I haven't written anything cycling related in a long while, but like many, I've been closely following the Indian Pacific Wheel Race back home in Australia for the last couple of weeks. I was watching the race last night and noticed Mike's Spot tracker stop near the intersection of Williamsdale Road and the Monaro Highway. The next time Mike's tracker moved, it was travelling at 98km/h towards Canberra.
Mike was a hard man. He won Tour Divide twice, set the record for Trans Am and founded the Transcontinental in Europe. But it seems that even the hardest of men cannot survive a place so antagonistic toward such a simple and noble mode of transport.

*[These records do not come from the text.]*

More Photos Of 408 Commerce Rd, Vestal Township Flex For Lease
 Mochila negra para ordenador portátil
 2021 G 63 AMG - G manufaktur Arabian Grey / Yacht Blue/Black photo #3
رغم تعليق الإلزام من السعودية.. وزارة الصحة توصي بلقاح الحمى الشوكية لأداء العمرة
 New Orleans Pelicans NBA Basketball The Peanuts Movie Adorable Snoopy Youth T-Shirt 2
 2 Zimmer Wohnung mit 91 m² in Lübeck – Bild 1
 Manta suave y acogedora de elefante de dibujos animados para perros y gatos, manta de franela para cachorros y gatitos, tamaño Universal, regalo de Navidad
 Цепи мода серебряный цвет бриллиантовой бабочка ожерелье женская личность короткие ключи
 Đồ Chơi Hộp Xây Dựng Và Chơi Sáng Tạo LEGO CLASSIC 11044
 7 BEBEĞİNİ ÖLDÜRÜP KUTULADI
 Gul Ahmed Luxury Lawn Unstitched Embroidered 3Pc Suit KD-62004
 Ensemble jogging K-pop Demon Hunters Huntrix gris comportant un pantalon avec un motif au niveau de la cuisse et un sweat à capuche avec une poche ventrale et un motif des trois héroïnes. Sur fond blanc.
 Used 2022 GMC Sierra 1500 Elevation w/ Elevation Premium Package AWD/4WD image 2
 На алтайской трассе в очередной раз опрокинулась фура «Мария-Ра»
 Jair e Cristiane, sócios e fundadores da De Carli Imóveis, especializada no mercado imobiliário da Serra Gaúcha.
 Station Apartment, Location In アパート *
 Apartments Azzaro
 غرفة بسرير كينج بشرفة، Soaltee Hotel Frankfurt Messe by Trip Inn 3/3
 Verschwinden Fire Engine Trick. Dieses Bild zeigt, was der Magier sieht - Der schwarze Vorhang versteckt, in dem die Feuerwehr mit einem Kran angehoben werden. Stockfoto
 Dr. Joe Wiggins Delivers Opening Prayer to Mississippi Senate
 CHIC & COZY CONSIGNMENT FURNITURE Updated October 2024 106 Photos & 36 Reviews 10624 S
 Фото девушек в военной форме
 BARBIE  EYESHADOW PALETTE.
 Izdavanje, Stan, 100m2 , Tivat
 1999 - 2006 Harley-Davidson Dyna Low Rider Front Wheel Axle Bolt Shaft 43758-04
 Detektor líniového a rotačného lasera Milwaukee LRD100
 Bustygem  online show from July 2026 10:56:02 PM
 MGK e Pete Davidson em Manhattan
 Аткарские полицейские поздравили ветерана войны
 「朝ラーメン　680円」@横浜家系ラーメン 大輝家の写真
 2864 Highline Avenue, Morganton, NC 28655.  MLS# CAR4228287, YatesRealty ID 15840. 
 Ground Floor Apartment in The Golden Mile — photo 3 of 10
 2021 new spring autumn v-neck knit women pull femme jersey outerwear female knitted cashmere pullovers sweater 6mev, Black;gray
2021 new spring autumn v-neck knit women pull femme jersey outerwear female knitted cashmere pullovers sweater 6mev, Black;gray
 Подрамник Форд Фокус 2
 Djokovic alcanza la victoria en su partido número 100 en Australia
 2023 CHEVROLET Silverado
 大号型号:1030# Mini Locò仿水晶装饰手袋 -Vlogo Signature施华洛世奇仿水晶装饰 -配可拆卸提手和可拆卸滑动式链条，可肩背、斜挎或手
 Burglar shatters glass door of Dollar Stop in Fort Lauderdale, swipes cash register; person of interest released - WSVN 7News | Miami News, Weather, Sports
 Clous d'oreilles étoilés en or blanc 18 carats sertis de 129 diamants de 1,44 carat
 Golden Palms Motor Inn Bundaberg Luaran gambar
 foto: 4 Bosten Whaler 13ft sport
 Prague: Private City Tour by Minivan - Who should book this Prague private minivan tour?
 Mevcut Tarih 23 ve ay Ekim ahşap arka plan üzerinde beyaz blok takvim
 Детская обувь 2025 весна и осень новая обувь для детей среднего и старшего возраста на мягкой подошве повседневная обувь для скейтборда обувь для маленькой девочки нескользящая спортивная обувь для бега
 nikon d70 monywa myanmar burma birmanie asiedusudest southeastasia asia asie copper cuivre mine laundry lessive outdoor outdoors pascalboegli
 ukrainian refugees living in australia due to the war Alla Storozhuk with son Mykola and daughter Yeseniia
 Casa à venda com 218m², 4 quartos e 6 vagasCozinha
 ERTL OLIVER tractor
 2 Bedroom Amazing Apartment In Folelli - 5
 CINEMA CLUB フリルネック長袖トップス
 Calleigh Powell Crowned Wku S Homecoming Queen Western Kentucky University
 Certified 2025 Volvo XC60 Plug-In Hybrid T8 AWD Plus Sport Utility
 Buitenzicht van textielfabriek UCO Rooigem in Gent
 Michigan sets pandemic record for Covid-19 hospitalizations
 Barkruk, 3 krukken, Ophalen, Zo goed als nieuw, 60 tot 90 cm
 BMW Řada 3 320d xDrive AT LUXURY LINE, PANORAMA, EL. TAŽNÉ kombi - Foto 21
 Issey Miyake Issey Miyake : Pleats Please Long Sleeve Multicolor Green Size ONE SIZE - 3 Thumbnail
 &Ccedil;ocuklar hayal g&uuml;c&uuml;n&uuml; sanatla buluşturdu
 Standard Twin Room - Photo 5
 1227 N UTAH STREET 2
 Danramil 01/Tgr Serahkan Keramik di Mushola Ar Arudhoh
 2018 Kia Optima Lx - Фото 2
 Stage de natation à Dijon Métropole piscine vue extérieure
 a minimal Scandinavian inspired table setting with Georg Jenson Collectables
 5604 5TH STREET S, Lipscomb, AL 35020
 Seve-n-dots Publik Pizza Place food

There are so many questions and thoughts racing around in my head. I love adventure and the spirit of adventure cycling, but moments like this make me ask myself whether the risks of such epic events outweigh the honour they bestow on their participants? Whether bikes and cars can ever peacefully coexist? Whether or not I would be remembered as the person I want to be remembered as if the same thing happened to me next time I hop on my bike? Right now I feel like hanging up the road bike and just riding trails, but I know that won't happen.
Mike inspired me to ride. He made me believe in cycling as a noble pursuit and helped pull me back from becoming jaded by the industry to see riding for the beautiful and pure thing it is. My heart goes out to Mike's family and friends, to the driver involved and to the broader cycling community, particularly the bike-packing community, who have been touched by this tragic day.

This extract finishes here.